At this point, I’d probably consider myself essentially atheist when it comes to the traditional Christian “sky father” version of God. The more I’ve read about the Bible historically, contradictions in scripture, religious evolution, mythology, translation issues, church politics, and the way different cultures shaped religion, the harder it became for me to see organized religion as literal divine truth.
A lot of it feels deeply human to me. Ancient societies projecting human hierarchy, kingship, morality, fear, and power structures onto the universe itself.
At the same time, rejecting organized religion did not automatically make me reject the possibility of some kind of higher power altogether. If anything, I’d describe myself more as agnostic leaning theist when it comes to the possibility of a deeper intelligence behind reality, a universal consciousness, a source underlying existence, some kind of interconnected awareness, or something fundamentally beyond human comprehension.
I think consciousness itself is one of the strangest things imaginable. The fact that we are aware at all is bizarre. Existence itself is bizarre. The universe existing instead of nothing existing is bizarre. Subjective experience, awe, synchronicities, meditation, existential mystery, and the feeling of interconnectedness are things I personally can’t completely reduce to “nothing.”
I’ve also had some genuinely uncanny synchronicity-type experiences in my life that line up with a lot of what people talk about regarding the law of attraction and, for lack of a better term, spiritual manifestation. I know a lot of people immediately dismiss that stuff as “New Age nonsense,” and I understand why, because there’s definitely a lot of grifting and pseudoscience attached to those spaces. But some of the experiences I’ve had personally are difficult for me to completely write off as meaningless coincidence.

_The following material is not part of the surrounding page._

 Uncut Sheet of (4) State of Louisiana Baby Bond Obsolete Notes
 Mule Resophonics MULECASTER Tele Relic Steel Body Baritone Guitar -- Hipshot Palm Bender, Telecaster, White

That still does NOT mean I automatically leap from that to “therefore Christianity is true.” That leap still feels massive to me.

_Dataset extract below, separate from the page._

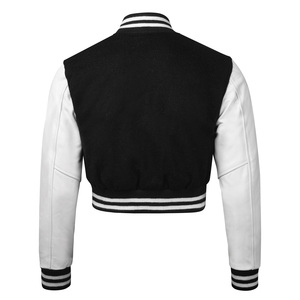 Los mejores fabricantes y proveedores, chaqueta universitaria de manga de cuero personalizada para mujer, chaquetas universitarias con cuello levantado de Color en contraste para mujer - Product Image 4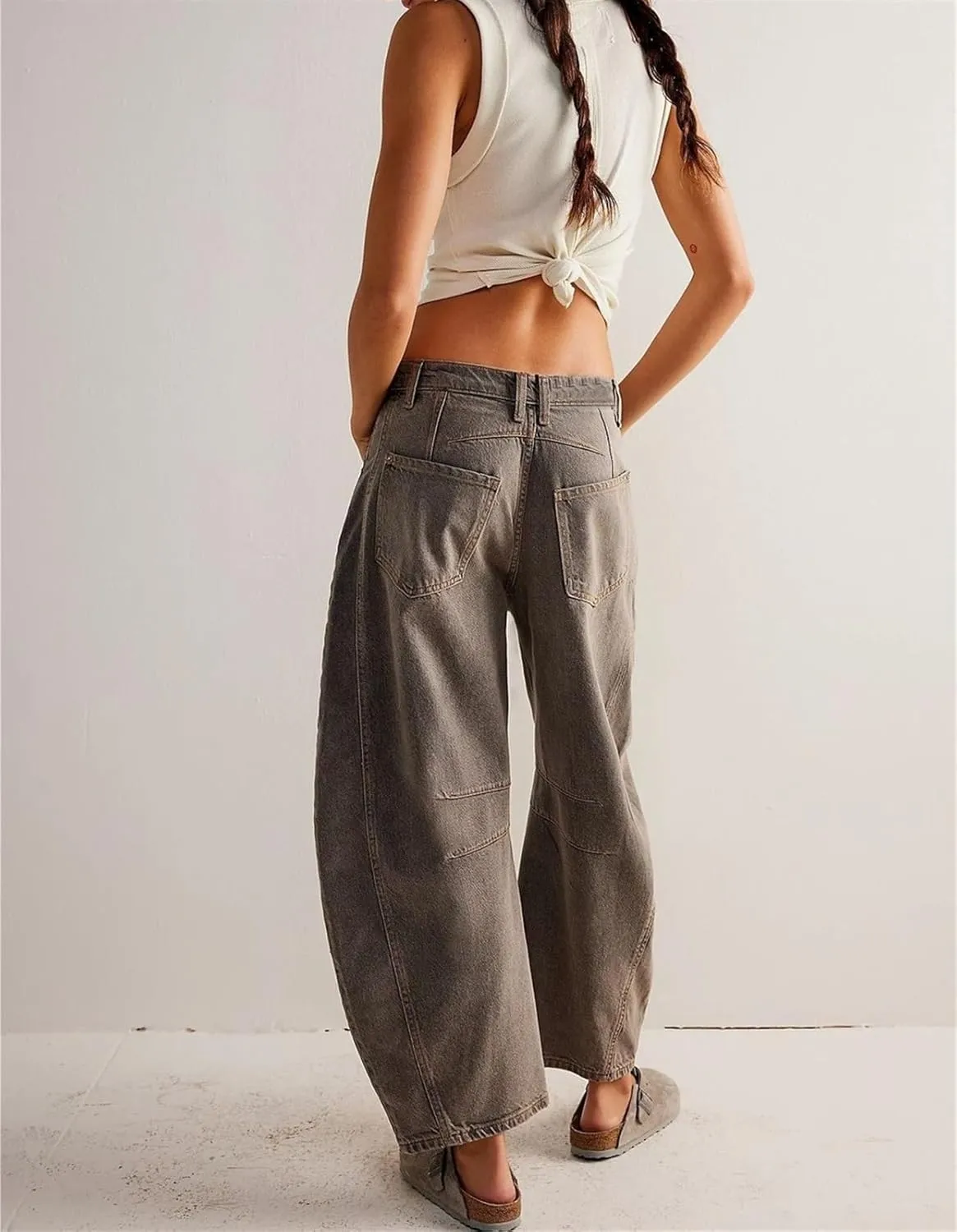 Women Casual Wide Leg Baggy Denim Pants Mid Waist Boyfriend Loose Jeans Barrel Jeans Women with Pockets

A lot of atheist critiques completely dismantle the traditional interventionist “sky father” concept of God for me, especially when you compare the alleged attributes of the Christian God to the actual world we live in. But those same critiques don’t necessarily disprove the possibility that reality itself may contain some deeper form of consciousness, intelligence, or source beyond our current understanding.
I think there’s way more philosophical gray area between “literal religion is true” and “absolutely nothing metaphysical exists” than most conversations allow for.